Most lawmakers claim $12,000 a year for in-district expenses and do not have to report how it was used. Lawmakers also can collect up to $131 a day in subsistence pay, which is available even if the meetings do not take place during the 21-week legislative session. Lawmakers also can claim an additional $35 in per-diem pay on meetings that occur out of session. They fill in vouchers for reimbursement themselves and do not have to provide receipts.

There is no cumulative limit on mileage and per diems, according to the Policy Council report.

Sen. Tom Davis, R-Beaufort, said he does not claim lodging or meal expenses when he is in Columbia because he stays with his in-laws. Davis, who was sworn in January 2009, was not serving in the legislature during the report's entire data collection period and he averages $30,955 the two full years he has served. Davis said he and his colleagues run for office knowing it may require a financial sacrifice. He also said he pays a district director about $24,000 out of his own pocket to help with constituent issues.

"You don't get in to public service if you're in it for money," Davis said. "There's no money in it."

Davis said receipts should be provided if it becomes a question of public confidence, even though he doesn't think his colleagues are gaming the system.

Rep.
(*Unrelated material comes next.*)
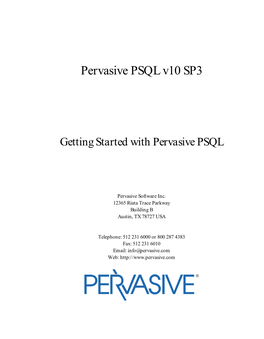 Pervasive PSQL V10 SP3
Shannon Erickson, R-Beaufort, said that at more than two hours, she has one of the longest drives to Columbia in the state, requiring her to stay overnight and buy meals during days when the legislature is in session. However, she said she never claims travel expenses or mileage when the legislature is not in session because she tries to be conscientious with taxpayers' money.

Rep. Bill Herbkersman, R-Bluffton, also said he ends up paying out of pocket for two full-time employees in his district office.

"I'd be totally for having to be tracked to give people an idea of what we spend," he said. "It's tax dollars so it should be traceable and totally up front about it."